“Oh, in that case, you can have as many as you like.”

“How, as many as I like? Why, your room must be made of india-rubber.”

“No, sir, I merely mean to say that of fifty stalls I have at my disposal, you can take as many as you please.”

“Very good, madam, I now understand,” Dantan continued, laughingly; “then, if I can have as many as I please, have the goodness to keep me sixty.”

The lady, much embarrassed to solve this problem, sent for me, and I easily arranged the affair by converting the first pit row into stalls.

The reason why the sculptor required so many seats was as follows:

Dantan, junior, has an enormous number of friends, and the original idea had occurred to him of inviting a certain number of them to Robert-Houdin’s performance, and for that purpose he had engaged these sixty seats.

I have mentioned this incident, because it both proves the renown my theatre enjoyed at that time, and reminds me of the commencement of one of the most agreeable acquaintances I ever made in my life. From this moment I became, and have always remained, one of the intimate friends of the celebrated sculptor.

Before knowing him personally, like the majority of his admirers, I was unacquainted with his serious works, but when I was admitted to his studio, I could appreciate the full extent of his talent.

Dantan has in this room, arranged on enormous shelves, the most perfect collection of busts of contemporary celebrities. I do not think a single illustrious person of the age is missing.
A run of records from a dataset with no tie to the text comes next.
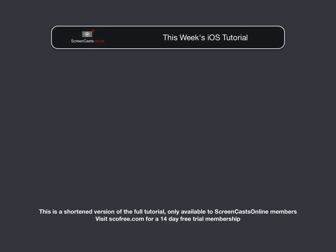Hi, this is Don McAllister, and welcome to another edition of ScreenCastsOnline for iOS.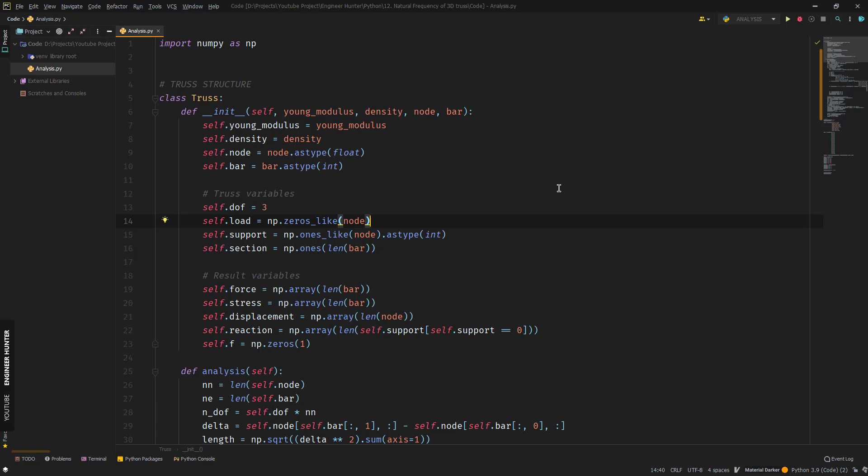Hello everyone, welcome back to my channel. Today I'm going to talk about the natural frequency of a 3D truss structure using Python code, and then compare the result with the one from SAP 2000.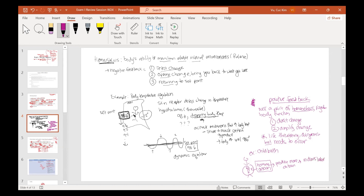Can you die from giving birth? Absolutely. So it meets the criteria of life-threatening, but it also meets the criteria that it needs to occur. That's one example of positive feedback — childbirth. It senses the release of oxytocin and causes even more oxytocin to be released so that it induces labor.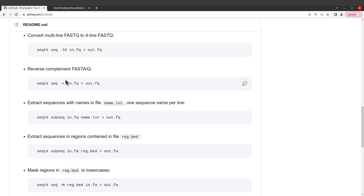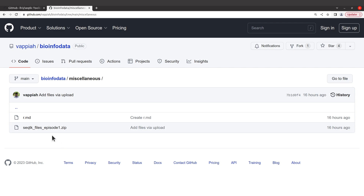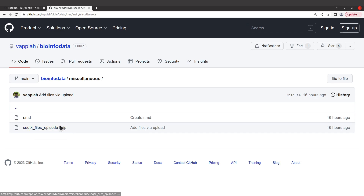With the example data, you can find it here. This is the GitHub repository which has the example data — the link to this page is in the description box. When you are here, look for the file called "seqkit_files_episode_one.zip". To download, click it.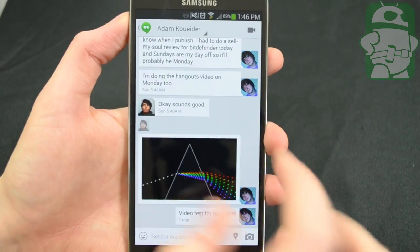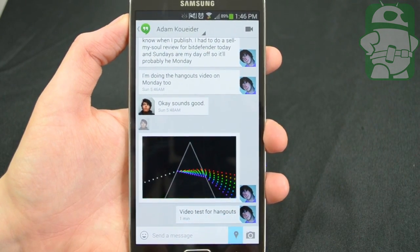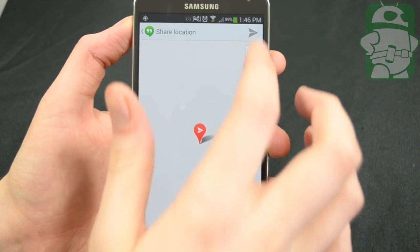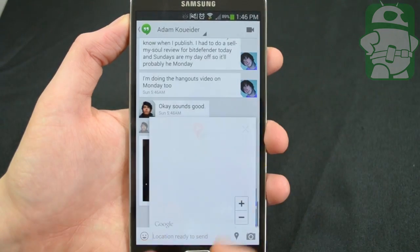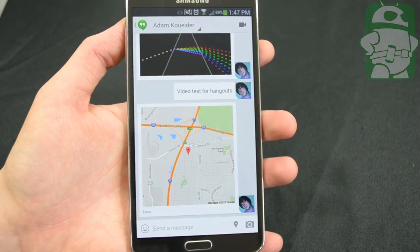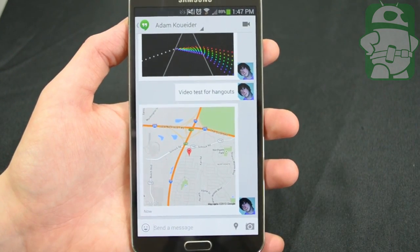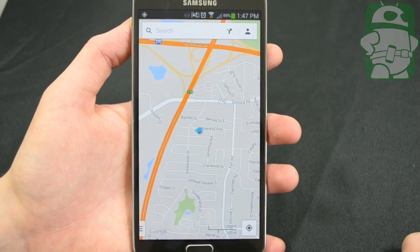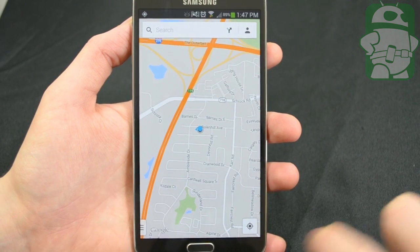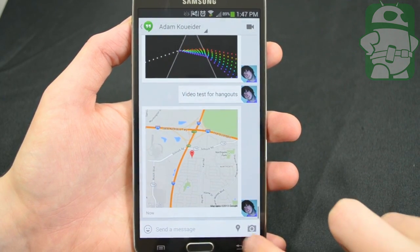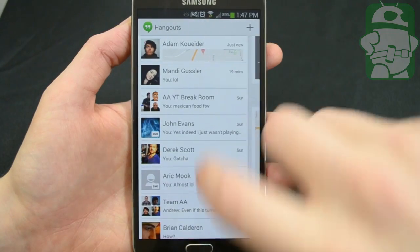Also included are location messages. Just tap the little Google Maps symbol, and you can automatically send your location to anyone. If they tap on that, it'll open that location up in Maps, where they can get directions if they need them. It's a really useful feature and really easy to use.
Each is properly classified and arranged as in a museum; monarchs and statesmen, less numerous than the others, are collected on one shelf; then come authors, musicians, singers, composers, physicians, warriors, dramatic artists—in a word great men of every description and country. But the most interesting thing in the gallery is that every bust is accompanied by its caricature, so that, after admiring the original, you laugh heartily at noticing all the comic details of the other.